What Is AIOps & Why It Is The Future Of IT Operations
The term AIOps which means “algorithmic IT operations” was coined by a research firm refers to the integration of analytics and machine learning for scaling and improving various IT operations. AIOps is positioned as a continuous integration and continuous deployment for core IT functions and has two main components — big data and ML. It denotes a shift from siloed data to a more dynamic business environment which will be crucial for digital transformation.
AIOps platforms are popularly defined as software systems that combine big data and artificial intelligence functionality to enhance or phase out a broad range of IT operations processes and tasks, related to analysis, performance monitoring, IT service management and automation. AIOps is a new platform approach to overhaul the traditional IT operations and performance monitoring so that businesses are free to innovate on new products, services, applications, partnerships and technologies within the digital enterprise.
A research had recently predicted that by 2022, 40% of all large enterprises will combine big data and ML functionalities to support and partially replace monitoring, service desk and automation processes.
The key function of AIOps platform is to refine traditional IT tools and processes which are out of sync with today’s industry demands. Current business needs require enterprises to move away from siloed databases, tools and lack of interoperability to cut down on costs and manage shifting budgets.
How Is AIOps Platform Different Than A DevOps Platform
- AIOps platform works real-time, feature dynamic pattern identification on vast amounts of data created by innovation-enabling technologies like bursting microservices and hybrid IT infrastructure, without the need for human intervention. It also has the capability to organise and analyse according to data sources that traditional processes, driven by functional silos, are unable to understand.

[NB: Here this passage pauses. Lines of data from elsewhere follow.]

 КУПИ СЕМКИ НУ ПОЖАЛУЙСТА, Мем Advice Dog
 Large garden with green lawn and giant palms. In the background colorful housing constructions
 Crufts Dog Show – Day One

- AIOps platforms consist of a big data platform which combines data from all sources. Some of the capabilities of AIOps platform is historical data management, streaming data management, log data ingestion and many analytics capabilities. Through the platform, IT team members can apply analytics and leverage visualisation capabilities also to view the insights. A key part of the AIOps platform is unsupervised ML algorithms which are used for algorithmic analysis.

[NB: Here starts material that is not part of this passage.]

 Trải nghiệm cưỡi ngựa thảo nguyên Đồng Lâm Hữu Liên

- The key difference between DevOps and AIOps is that the latter is a multi-layered platform which can automatically automate traditional IT operations and also has key components such as ML algorithms which enable algorithmic analysis. On the other hand, DevOps platforms are leveraged for agile development methodologies and it is used to automate self-service operations.

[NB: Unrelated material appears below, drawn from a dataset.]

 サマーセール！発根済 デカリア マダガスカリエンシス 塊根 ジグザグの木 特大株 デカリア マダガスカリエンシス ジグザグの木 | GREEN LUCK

- DevOps platforms essentially automate the build deployment and integration process through containers and open source automation server tools. But there are certain areas in which DevOps fails are system operations, security and compliance.
- DevOps basically streamlines the build process through CI/CD pipelines while AIOps provides a scalable framework for automation and management framework.
- AIOps will soon phase out the way businesses develop and deploy applications by automating tasks. AIOps will play a crucial role is because the next generation of enterprise applications are running on multiple cloud platforms and data integration is tough.
AIOps Is The Future Of DevOps
Even though DevOps has become the de facto standard for automation, AIOps is being positioned as the next generation of DevOps since it reduces dependencies on specific tools. Since data changes, algorithms can help in bug-tracking and issue tracking services.
AIOps And Business Integration
As discussed earlier, businesses need to move away from traditional IT operations and enable timely problem identification, by assessing the behaviour of infrastructure. AIOps can monitor behaviour at the edge of infrastructure and also keep cost controls in check by dynamically managing public cloud utilisation.
Since AIOps platforms draw from huge data sources, this also enables a unification of multiple data sources and IT resources and also arms the IT teams to have the right set of tools do this. AIOps helps in aligning the data resources to optimize work processes. This will also improve the quality of data fed into the machine learning systems.
According to experts, AIOps is expected to become the next big thing in IT management and AI-led correlation can also execute a series of change in IT operations and overall business performance. AIOps platform will also play a pivotal role in overcoming the complexities of the current enterprise IT operations model and also pave the way for digital transformations.